El primer día de la semana, muy temprano, todavía a oscuras, va María Magdalena al sepulcro.
Hasta aquí todo normal. María Magdalena camina embargada por la tristeza y envuelta en la oscuridad de la noche. No busca otra cosa sino estar junto a la tumba de su Señor. Hay en ella mucho amor y poca fe. Todo cambia cuando, al llegar, observa que la piedra está retirada del sepulcro. Ahí se acaba lo normal. María echa a correr para decírselo a Pedro y Juan. Ellos, al oír la noticia, echan a correr hacia el sepulcro. Los que transitaban por las calles de Jerusalén asistirían atónitos a las carreras de aquella mujer y de aquellos hombres. A nosotros nos hacen evocar las prisas de los pastores de Belén, o las de aquellos afortunados que descubrieron el tesoro escondido y la perla preciosa. Donde se hace presente la Buena Noticia, lo normal deja de serlo.
Hasta entonces no habían comprendido que, según las Escrituras, Jesús debía resucitar de entre los muertos.

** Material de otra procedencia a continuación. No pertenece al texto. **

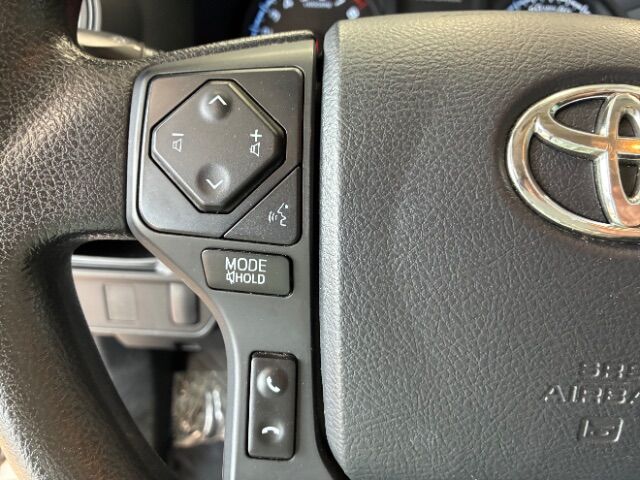 2017 Toyota Tacoma SR Long Bed w/Rear Doors Charlotte NC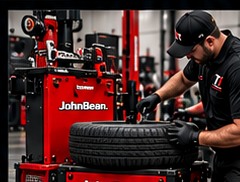 Service & Repair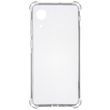 TPU чехол GETMAN Ease усиленные углы Full Camera для Samsung Galaxy A03 Core 555-02571 фото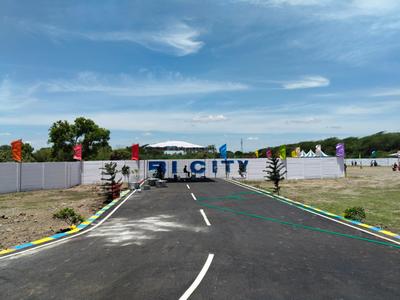 Image of 780 Sq.ft Residential Plot / Land for sale in Veppampattu, Chennai for Rs. 2183220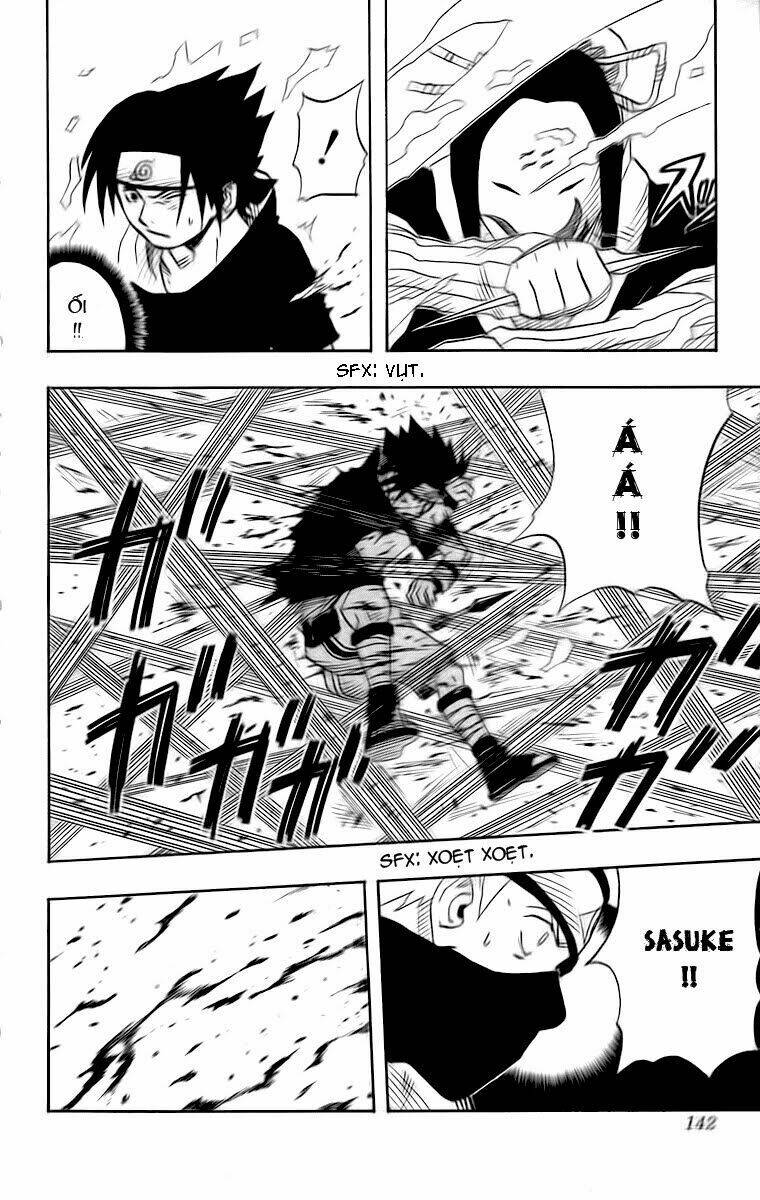 Naruto – Cửu Vĩ Hồ Ly Chapter 24 - Trang 2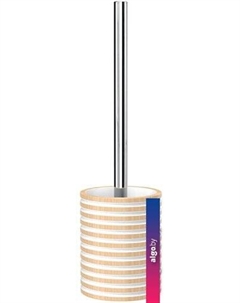 Ершик для унитаза Spiral FOR-SPL025NAT Fora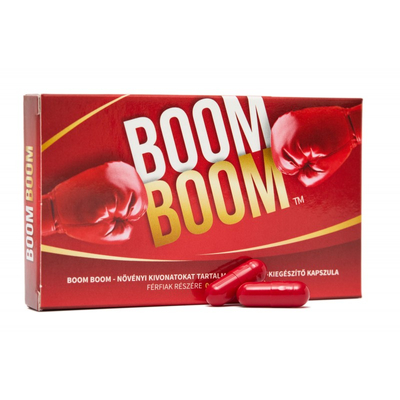 boom boom extra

La fe en el Resucitado no llega a través de los ojos o de la razón, sino de las Escrituras: Entonces abrió sus inteligencias para que comprendieran las Escrituras (Lc 24, 45). Abrir las Escrituras es abrir el manantial de la fe. Unos, como Juan, llegaremos antes; otros, como Pedro, seremos más lentos. Pero el camino por el que nos lleva el Señor es el mismo para todos.
Cristo ha resucitado y nuestra vida está con Cristo escondida en Dios (Col 3, 3). En verdad, este es el día en que actuó el Señor, sea nuestra alegría y nuestro gozo (Salmo 118, 24). En aquel sepulcro vacío enterramos nuestros miedos, nuestros pecados, nuestra muerte.
En Jesús, dice el Papa Francisco, el amor ha vencido al odio, la misericordia al pecado, el bien al mal, la verdad a la mentira, la vida a la muerte. No privemos al mundo del gozoso anuncio de la Resurrección.